Take a Break: An Unpopular Piece of Writing Advice

I am currently sitting in a cafe. I do this regularly whenever I have the day off from work, like I do today.

Not only that, but I have finished all of the other errands I had to run, including the minor things like laundry and applications to jobs and fellowships I had to turn in before their respective deadlines.

Thus, I should have no trouble getting some writing done today, which is why I am sitting in this cafe right now with a delicious mocha.

That said, it has been almost two hours, and I have not written a word.

It’s strange, too. I’ve been thinking about this trilogy of short stories for days now, daydreaming at work about the characters and plot, consistently annoyed by my other obligations for keeping me away from my creative process.

And yet, here I am, with nothing to do, unable to put down a single word, either in my notebook or a Word doc. And I can’t help but ask myself “why?” I have the time now.
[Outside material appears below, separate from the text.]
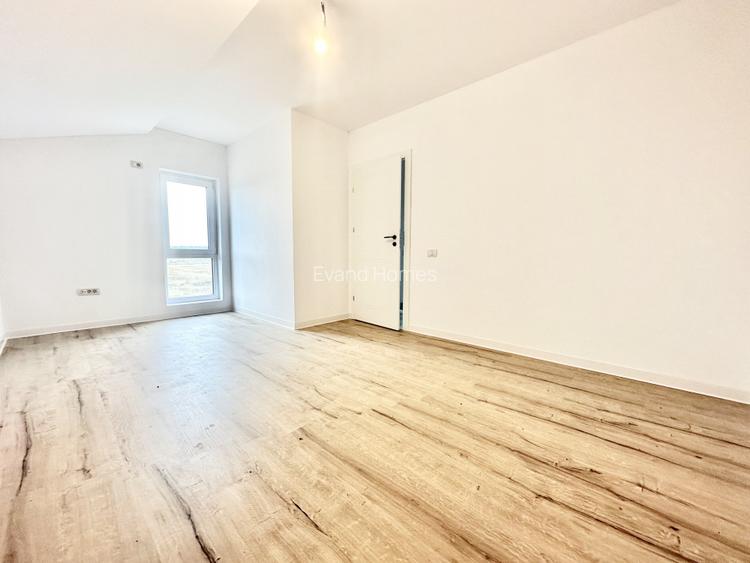 Duplex cu 3 camere spatios - Mosnita Veche - 8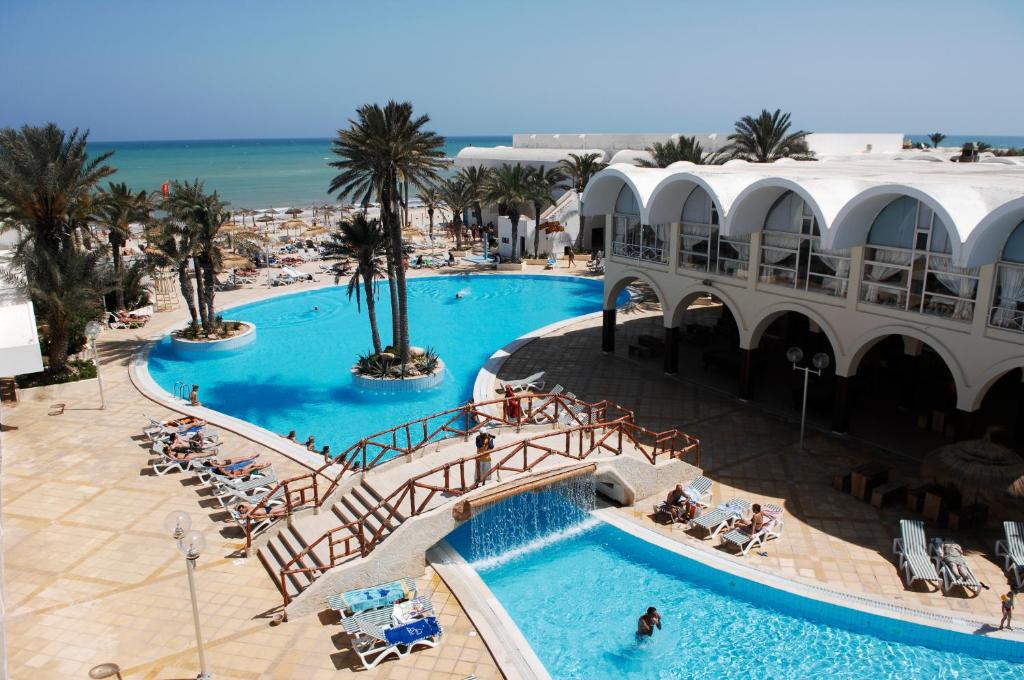 an overhead view of a swimming pool in a resort at Monarque Dar Jerba Narjess in Taguermess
So why can’t I do it?

There is a common piece of writing advice claiming that true writers write every day, or at least every chance they get. I have heard this from interviews with authors, none more extreme than Danielle Steele who literally works for 20-22 hours a day. I have heard it from professors in my MFA who said they volunteered to do the laundry and would take their writing tools with them to take advantage of their time alone. The point is that if you don’t make an effort to write every day, then, by definition, you cannot be a real writer.

I don’t believe that. I’ll go even further than to say that it’s a dangerous piece of advice.

Yes, I do believe that writers should make an effort to finish their projects. But no, I don’t believe they should do it every chance they get. I have previously written how writing (and art in general) is a form of expression, a way to release all the stress and tension one may have during the day. It could be hard to not be an artist as much as it is to be one.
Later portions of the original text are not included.